Required reading

Restate the problem

The Knuth-Morris-Pratt algorithm is an advancement in the efficiency of finding a substring within a given string. The central improvement over considering each individual character in the string as a possible beginning of the substring is that the Knuth-Morris-Pratt algorithm keeps track of partial successful matches. If a section of the string matches the substring, but then fails to match midway through, the Knuth-Morris-Pratt algorithm doesn’t start over with the next character in the string. Instead, it skips ahead to the first character that could possibly be a start of the substring.

For this challenge, I’m going to get a DNA string, s. I need to return a failure array of integers the same size as s. Every number in the failure array is the count of characters at that point in the string s that match the beginning of the string s.

The sample dataset and sample output are helpful in understanding what’s being asked here.

The first value in a failure array is always 0. We’re given that value in the problem statement. The second value is a 0 because A, the second character, does not match C, the first character.

The third value is 0 because G, the third character, does not match C, the first character.

The fourth value is 1 because C, the fourth character, matches C, the first character.

The fifth value is 2 because A, the fifth character, matches A, the second character.

The sixth value is 0 because T, the sixth character, does not match G, the third character.

… and so on.

Solution steps

First, I read in the DNA string and create a result array that’s the same length as the DNA string with a 0 in every position.

Then I start with the second value in the string and increment that value by 1 if it matches the start of the string.

Then I continue iterating through the string and incrementing the positions in the failure array every time there is a match between the current character and the next character from the beginning of the string.

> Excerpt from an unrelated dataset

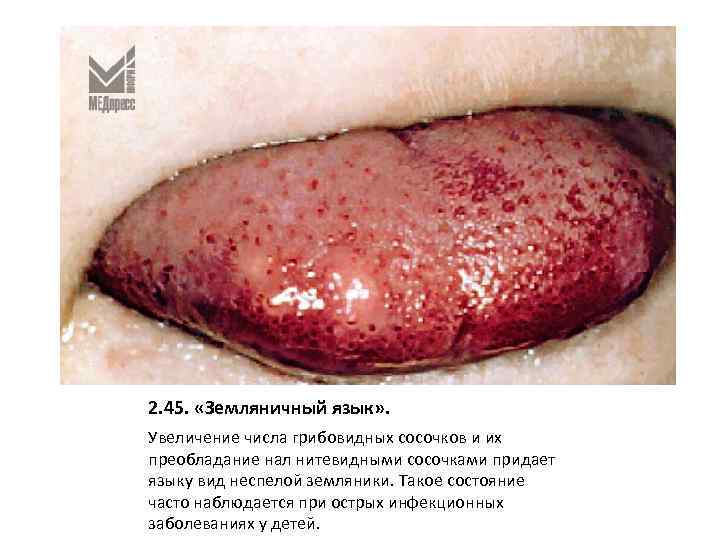 2. 45. «Земляничный язык» . Увеличение числа грибовидных сосочков и их преобладание нал нитевидными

At the end, I throw out the first value in the array and add a 0 at the end. Why?

Well, that’s a bug.

I threw out the first value and added a 0 at the end when I was working on this a few weeks ago because that’s what I needed to do to make my code return the correct result for the sample dataset. When I ran it on the real dataset and got a correct response, I stopped working on this and moved on. Now that I’m looking at it more closely to write this article, I see a lot about my solution that I don’t like. In fact, I think I was lucky to get a dataset that ended with a failure array of 0, because otherwise, my code won’t work.

Am I going to dig into code that returned a correct result and make sweeping changes just because I want to make sure I have reliable code to a challenge that I’ve already solved?

Yes. Yes, I am.

For reference, the sketchy code that returned a correct result is here.

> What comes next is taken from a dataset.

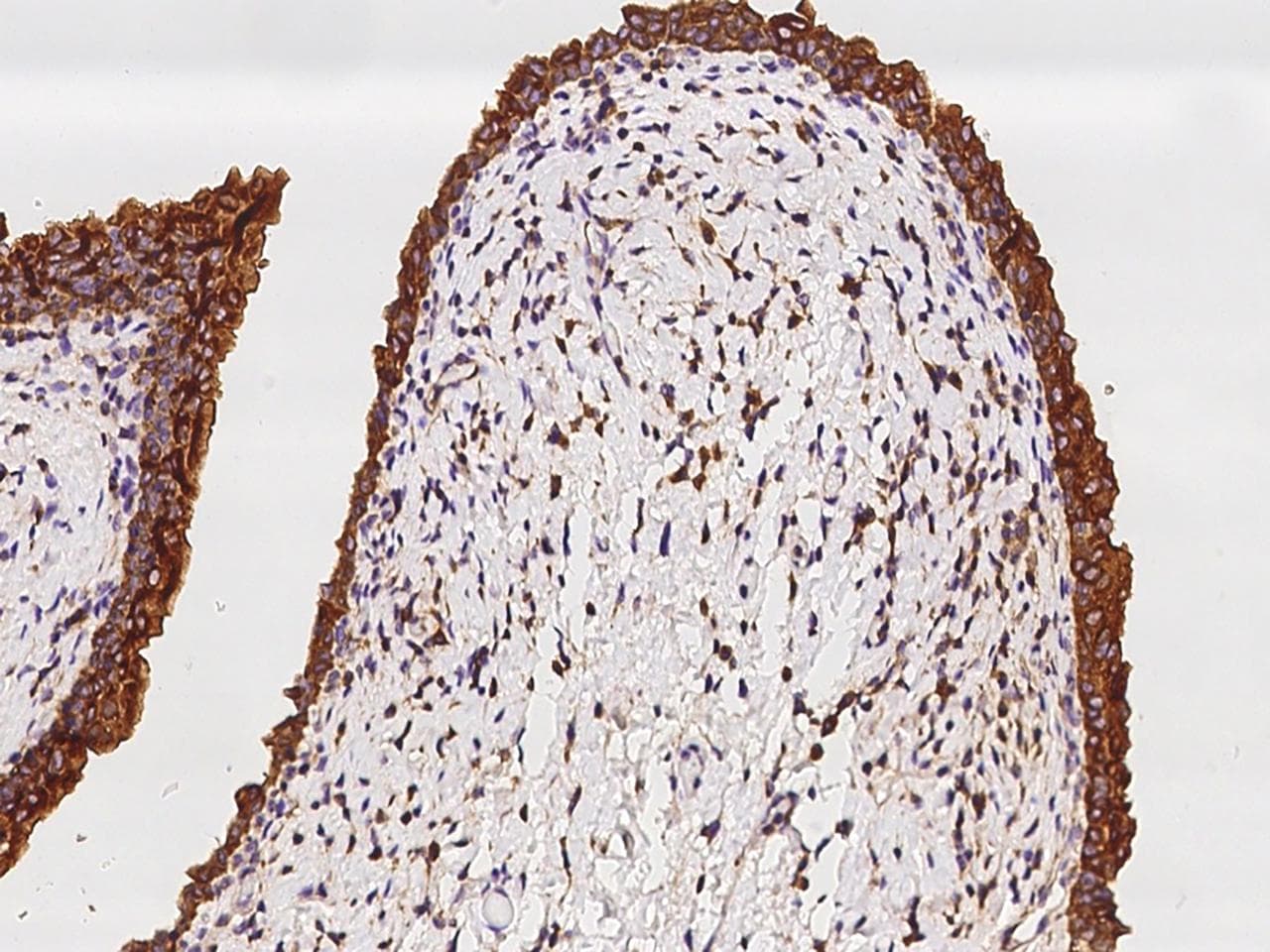 SH3GLB2 / Endophilin-B2 Antibody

I’ll keep track of my actions here: I saved a copy of the correct response to my first downloaded dataset so that I can check to see if my altered code still returns a correct result.

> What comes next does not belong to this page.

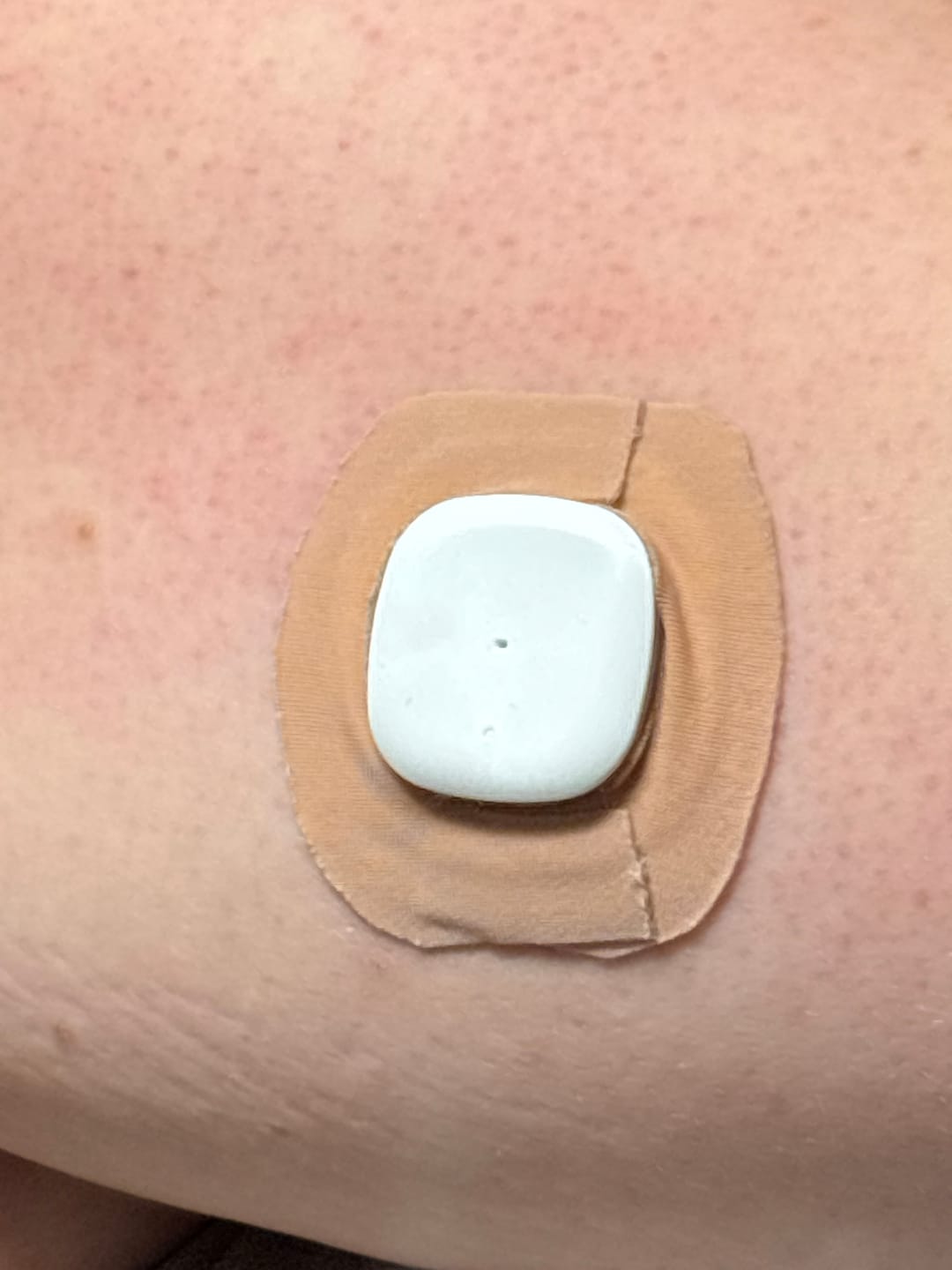 Customer photo review of Tape Roll – Tryggt fäste för CGM-sensorer och pumpar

I simplified reading the downloaded DNA string from this:

sequence_collection = []
for seq_record in SeqIO.parse(file_path, "fasta"):
    sequence_collection.append(seq_record.seq)
sequence = sequence_collection.pop(0)

to this…

for record in SeqIO.parse(file_path, "fasta"):
    sequence = record.seq

I got rid of this line without replacement because throwing away the first value in the result might make sense, but there’s no reason to add a zero onto the end.

solution = str((result[1:], 0))

Instead of starting with position = 2 and using a while statement, I changed to starting with position -1 and using a for-while statement. This required a complete rewrite. The old code:

    result = [0]*len(sequence)
    position = 2
    condition = 0
    while position < len(sequence):
        if sequence[position-1]==sequence[condition]:
            condition+=1
            result[position] = condition
            position+=1
        elif condition>0:
            condition=result[condition]
        else:
            result[position]=0
            position+=1

changed to the new code:

    result = [-1]
    counter = -1
    for i in range(len(sequence)):
        while counter >= 0 and sequence[i] != sequence[counter]:
            counter = result[counter]
        counter += 1
        result.append(counter)
    print(*result[1:])

I replaced this line:

print(str(result).replace('(', '').replace("[",'').replace(',','').replace(']','').replace(')',''))

with this:

print(*result[1:])

I needed to get rid of the first value in the result list because it was the -1 that I put there before processing as a placeholder for the counter.

I verified that the new code returned correct responses for both the sample dataset and the real dataset from my original solution. Then, just to be extra-sure I had everything right, I downloaded another real problem dataset from Project Rosalind and submitted my correct result from the new code.

Post-solution notes

Challenges solved so far: 45

How many people solved this before me: 2,833

Most recent solve before me: 3.5 hours

Time spent on challenge: 2 hours, mostly on overhauling the code while writing the article

Most time-consuming facet: rewriting the code after solving

Accomplishments and badges: String algorithms badge level 3, shown below

Closing thoughts: I’m glad I rewrote my code even though it worked once before. I feel much better about this because I understand how it works.